Viktor Kornmehl & Sigmund Freud’s High School
There’s a lot of information available about the University of Vienna, which both Viktor Kornmehl and Sigmund Freud attended, Freud from 1873 to 1881. We wouldn’t know much about Viktor’s high school except for one thing: Sigmund Freud went there too.
The following details are from the Gale History of Psychoanalysis and from the history of the school that became Sigmund Freud Gymnasium.
In 1865, after being home-schooled and studying at a private elementary school, Freud enrolled in the first class of the newly constructed Leopoldstädter Kommunalrealgymnasium. He took longer than usual to finish (8 years) but graduated with honors in 1873 (though he did better in the liberal arts subjects than in science).

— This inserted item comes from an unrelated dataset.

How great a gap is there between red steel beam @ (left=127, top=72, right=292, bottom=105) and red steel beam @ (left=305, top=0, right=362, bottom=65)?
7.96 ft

Here’s a copy of Freud’s Matura (final exams certificate):
The gymnasium that Freud attended went through a lot of changes..
In 1877 it moved into the Kleine Sperlgasse (which is where it was when Viktor Kornmehl attended). In 1896 it was acquired by the state; in 1901, it was renamed Archduke Rainer Realgymnasium.
Freud contributed to the school’s fiftieth anniversary celebration in 1914 with an article, “Some Reflections on Schoolboy Psychology,” that appeared in the commemorative brochure.
In 1946 the school moved to the Vereinsgasse.
In 1967 it moved to its current location at Wohlmutstraße 3 (ah, 1960s architecture. Sorry, but that building is really ugly).
Girls were first admitted in 1971.
For the fiftieth anniversary of Freud’s death in 1989, it was renamed the Sigmund Freud Gymnasium.
As I noted, Viktor probably graduated from gymnasium in 1926, but would have likely been at the school in 1924 — which is when another Viktor, who is also famous in psychology and admired Sigmund Freud, graduated. And that’s all I’ll give away until tomorrow.
This is day 18 of the Family History Writing Challenge. Woo-hoo — only 10 more to go!